-------- Given data

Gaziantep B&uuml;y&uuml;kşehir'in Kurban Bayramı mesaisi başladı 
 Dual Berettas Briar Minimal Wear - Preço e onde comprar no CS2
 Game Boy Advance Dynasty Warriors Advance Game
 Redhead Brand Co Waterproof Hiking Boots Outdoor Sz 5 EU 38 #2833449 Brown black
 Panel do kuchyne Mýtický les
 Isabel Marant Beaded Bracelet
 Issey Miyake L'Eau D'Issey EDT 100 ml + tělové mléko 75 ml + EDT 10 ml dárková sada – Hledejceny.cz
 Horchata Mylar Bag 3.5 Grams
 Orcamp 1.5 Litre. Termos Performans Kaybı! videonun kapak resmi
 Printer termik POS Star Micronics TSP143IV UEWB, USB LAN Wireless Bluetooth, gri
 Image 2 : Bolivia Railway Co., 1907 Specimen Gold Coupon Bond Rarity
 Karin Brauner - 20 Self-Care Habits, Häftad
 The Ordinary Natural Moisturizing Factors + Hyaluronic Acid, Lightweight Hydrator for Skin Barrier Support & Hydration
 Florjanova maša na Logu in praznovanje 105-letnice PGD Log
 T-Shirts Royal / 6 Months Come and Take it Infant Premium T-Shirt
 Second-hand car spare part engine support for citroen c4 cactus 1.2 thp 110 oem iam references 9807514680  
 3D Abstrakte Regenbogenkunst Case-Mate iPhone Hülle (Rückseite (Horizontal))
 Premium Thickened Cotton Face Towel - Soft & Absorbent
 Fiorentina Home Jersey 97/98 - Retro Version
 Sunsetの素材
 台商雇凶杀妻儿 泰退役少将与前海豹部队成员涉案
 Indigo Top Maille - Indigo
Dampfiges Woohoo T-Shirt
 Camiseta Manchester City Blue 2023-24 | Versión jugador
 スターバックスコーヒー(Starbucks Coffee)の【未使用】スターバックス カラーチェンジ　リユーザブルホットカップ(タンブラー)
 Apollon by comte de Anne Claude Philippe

----------------

#### Required action
Beginning at the line that holds "Issey Miyake L'Eau", copy every line through the end of the entries exactly as given, and only those lines.

#### Your solution
 Issey Miyake L'Eau D'Issey EDT 100 ml + tělové mléko 75 ml + EDT 10 ml dárková sada – Hledejceny.cz
 Horchata Mylar Bag 3.5 Grams
 Orcamp 1.5 Litre. Termos Performans Kaybı! videonun kapak resmi
 Printer termik POS Star Micronics TSP143IV UEWB, USB LAN Wireless Bluetooth, gri
 Image 2 : Bolivia Railway Co., 1907 Specimen Gold Coupon Bond Rarity
 Karin Brauner - 20 Self-Care Habits, Häftad
 The Ordinary Natural Moisturizing Factors + Hyaluronic Acid, Lightweight Hydrator for Skin Barrier Support & Hydration
 Florjanova maša na Logu in praznovanje 105-letnice PGD Log
 T-Shirts Royal / 6 Months Come and Take it Infant Premium T-Shirt
 Second-hand car spare part engine support for citroen c4 cactus 1.2 thp 110 oem iam references 9807514680  
 3D Abstrakte Regenbogenkunst Case-Mate iPhone Hülle (Rückseite (Horizontal))
 Premium Thickened Cotton Face Towel - Soft & Absorbent
 Fiorentina Home Jersey 97/98 - Retro Version
 Sunsetの素材
 台商雇凶杀妻儿 泰退役少将与前海豹部队成员涉案
 Indigo Top Maille - Indigo
Dampfiges Woohoo T-Shirt
 Camiseta Manchester City Blue 2023-24 | Versión jugador
 スターバックスコーヒー(Starbucks Coffee)の【未使用】スターバックス カラーチェンジ　リユーザブルホットカップ(タンブラー)
 Apollon by comte de Anne Claude Philippe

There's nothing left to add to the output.